Ask your partner to explain his or her point of view. Understand why they are constantly criticizing you and whether there is any underlying issue that needs to be addressed.

This will help you identify the root cause of criticism.

12) There is no time alone

We all need time to recharge and self-reflect. Sometimes, we just need to walk alone to take a mental break from others.

This doesn’t mean we don’t love them. on the contrary.

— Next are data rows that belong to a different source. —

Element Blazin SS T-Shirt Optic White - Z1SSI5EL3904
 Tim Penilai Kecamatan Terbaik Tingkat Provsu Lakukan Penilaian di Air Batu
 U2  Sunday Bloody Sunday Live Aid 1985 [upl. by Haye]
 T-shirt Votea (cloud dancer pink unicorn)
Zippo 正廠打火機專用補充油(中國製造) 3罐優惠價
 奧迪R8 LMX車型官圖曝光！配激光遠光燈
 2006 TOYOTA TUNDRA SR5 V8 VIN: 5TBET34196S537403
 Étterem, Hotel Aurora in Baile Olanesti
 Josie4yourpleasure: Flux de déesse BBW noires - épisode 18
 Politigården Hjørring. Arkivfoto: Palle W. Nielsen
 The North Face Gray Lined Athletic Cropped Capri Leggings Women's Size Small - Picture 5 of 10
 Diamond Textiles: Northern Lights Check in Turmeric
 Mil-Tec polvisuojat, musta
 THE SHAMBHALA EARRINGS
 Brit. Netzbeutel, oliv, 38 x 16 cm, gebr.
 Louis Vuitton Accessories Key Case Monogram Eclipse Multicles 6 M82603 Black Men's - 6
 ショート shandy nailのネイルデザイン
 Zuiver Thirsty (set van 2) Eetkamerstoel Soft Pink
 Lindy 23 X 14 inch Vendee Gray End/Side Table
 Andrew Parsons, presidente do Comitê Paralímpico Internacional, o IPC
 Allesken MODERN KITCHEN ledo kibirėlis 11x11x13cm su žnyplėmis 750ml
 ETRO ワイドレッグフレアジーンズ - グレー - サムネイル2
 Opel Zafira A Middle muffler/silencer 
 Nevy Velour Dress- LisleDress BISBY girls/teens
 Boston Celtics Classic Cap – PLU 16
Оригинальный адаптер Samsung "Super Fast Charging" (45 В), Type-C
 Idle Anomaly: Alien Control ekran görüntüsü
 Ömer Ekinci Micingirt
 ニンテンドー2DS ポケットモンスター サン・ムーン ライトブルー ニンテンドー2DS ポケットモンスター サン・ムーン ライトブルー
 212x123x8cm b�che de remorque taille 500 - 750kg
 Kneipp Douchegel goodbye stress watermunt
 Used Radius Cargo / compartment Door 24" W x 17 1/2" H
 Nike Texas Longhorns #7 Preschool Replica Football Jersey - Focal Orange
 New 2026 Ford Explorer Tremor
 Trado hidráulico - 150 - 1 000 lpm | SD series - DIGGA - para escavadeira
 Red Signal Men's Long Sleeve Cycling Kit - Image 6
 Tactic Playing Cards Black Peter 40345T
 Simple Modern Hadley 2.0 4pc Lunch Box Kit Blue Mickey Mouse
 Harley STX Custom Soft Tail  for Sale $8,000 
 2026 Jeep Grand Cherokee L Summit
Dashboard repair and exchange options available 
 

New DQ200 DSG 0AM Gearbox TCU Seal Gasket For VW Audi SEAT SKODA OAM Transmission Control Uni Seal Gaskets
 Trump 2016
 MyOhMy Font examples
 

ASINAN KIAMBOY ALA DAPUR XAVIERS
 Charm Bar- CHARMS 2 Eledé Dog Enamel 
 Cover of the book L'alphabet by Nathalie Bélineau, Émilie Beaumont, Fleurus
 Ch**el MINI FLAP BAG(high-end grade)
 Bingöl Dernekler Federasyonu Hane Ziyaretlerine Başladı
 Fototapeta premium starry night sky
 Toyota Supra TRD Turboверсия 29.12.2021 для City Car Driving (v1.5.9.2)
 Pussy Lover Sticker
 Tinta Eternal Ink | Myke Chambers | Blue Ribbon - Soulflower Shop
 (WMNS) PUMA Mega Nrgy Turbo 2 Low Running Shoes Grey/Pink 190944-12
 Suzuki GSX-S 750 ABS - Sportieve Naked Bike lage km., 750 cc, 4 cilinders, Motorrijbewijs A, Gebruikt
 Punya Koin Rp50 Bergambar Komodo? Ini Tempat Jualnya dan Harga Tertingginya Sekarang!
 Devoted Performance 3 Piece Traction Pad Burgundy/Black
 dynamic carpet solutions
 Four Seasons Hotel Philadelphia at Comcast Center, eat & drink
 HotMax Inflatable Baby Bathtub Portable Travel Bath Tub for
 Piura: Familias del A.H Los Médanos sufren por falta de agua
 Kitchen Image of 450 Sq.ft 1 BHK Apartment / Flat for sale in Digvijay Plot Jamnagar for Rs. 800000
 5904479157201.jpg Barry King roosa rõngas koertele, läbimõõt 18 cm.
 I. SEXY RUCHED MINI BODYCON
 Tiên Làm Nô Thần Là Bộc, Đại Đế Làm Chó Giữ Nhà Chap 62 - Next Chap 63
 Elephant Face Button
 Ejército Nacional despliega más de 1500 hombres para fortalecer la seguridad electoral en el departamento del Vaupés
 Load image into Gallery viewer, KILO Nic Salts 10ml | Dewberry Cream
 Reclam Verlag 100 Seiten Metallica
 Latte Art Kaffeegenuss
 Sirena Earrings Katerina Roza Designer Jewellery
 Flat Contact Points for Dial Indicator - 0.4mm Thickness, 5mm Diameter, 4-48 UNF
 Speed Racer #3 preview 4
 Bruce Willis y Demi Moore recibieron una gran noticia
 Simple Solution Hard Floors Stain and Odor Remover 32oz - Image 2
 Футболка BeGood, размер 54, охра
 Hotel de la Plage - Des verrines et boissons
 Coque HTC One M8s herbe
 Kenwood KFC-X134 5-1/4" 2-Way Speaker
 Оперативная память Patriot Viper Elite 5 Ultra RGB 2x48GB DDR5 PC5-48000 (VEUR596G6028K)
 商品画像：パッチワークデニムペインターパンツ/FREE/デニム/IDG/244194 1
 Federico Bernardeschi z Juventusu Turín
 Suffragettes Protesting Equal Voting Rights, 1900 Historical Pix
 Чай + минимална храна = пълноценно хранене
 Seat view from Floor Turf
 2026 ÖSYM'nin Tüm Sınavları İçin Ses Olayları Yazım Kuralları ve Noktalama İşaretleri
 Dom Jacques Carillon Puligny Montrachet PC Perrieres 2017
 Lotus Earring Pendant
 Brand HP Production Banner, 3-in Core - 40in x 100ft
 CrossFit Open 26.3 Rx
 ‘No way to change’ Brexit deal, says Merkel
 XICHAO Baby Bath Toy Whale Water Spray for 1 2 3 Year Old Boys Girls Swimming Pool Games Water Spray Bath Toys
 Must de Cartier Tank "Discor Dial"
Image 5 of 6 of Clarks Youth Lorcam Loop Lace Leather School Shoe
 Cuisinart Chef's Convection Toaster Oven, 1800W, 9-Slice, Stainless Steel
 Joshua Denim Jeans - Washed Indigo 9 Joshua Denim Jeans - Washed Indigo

But introverts especially need to spend more time alone than others because of their nature.

Ultimately, spending time away from others is essential to maintaining a sense of self and personal growth.

Related : 12 warning signs your friends have lost respect for you

Lack of alone time often leads to codependency and interferes with personal development.

How to set healthy boundaries in a relationship

The first step: self-awareness
You have to understand yourself before you can set boundaries and communicate them effectively.

Think about your emotions, needs, and values. Think about what makes you comfortable and what goes beyond your personal limits.

This self-awareness will help you articulate your boundaries more clearly.

Step 2: Clear connections
Express your boundaries to your partner directly and respectfully. Use “I” statements to share your feelings and needs, and avoid blaming or accusing.

Explain clearly why these boundaries are important to you and how they contribute to a healthier relationship.

Step 3: Negotiation
Have a constructive conversation where you and your partner express your thoughts.

Find common ground and look for solutions that respect both points of view. Negotiating helps create a balance that respects the needs of both partners.

Step 4: Consistency
Consistency is key to maintaining boundaries. Once you have it created, stick to it. If you compromise your boundaries occasionally, you will send mixed signals.

Consistency demonstrates your commitment to your boundaries and reinforces their importance in the relationship.

If they challenge your boundaries, stay calm and assertive. Avoid getting defensive or aggressive, and focus on expressing your feelings calmly.

If they repeatedly violate your boundaries, express the consequences of this behavior. This shows that you are serious about maintaining your boundaries.

Step 5: Celebrate progress
Just as you expect your boundaries to be respected, remember to respect your partner’s boundaries as well.

As you and your partner work together to set healthy boundaries, celebrate the positive changes and how you’ve improved your communication.

Remember that this is an ongoing process that requires constant communication and mutual understanding.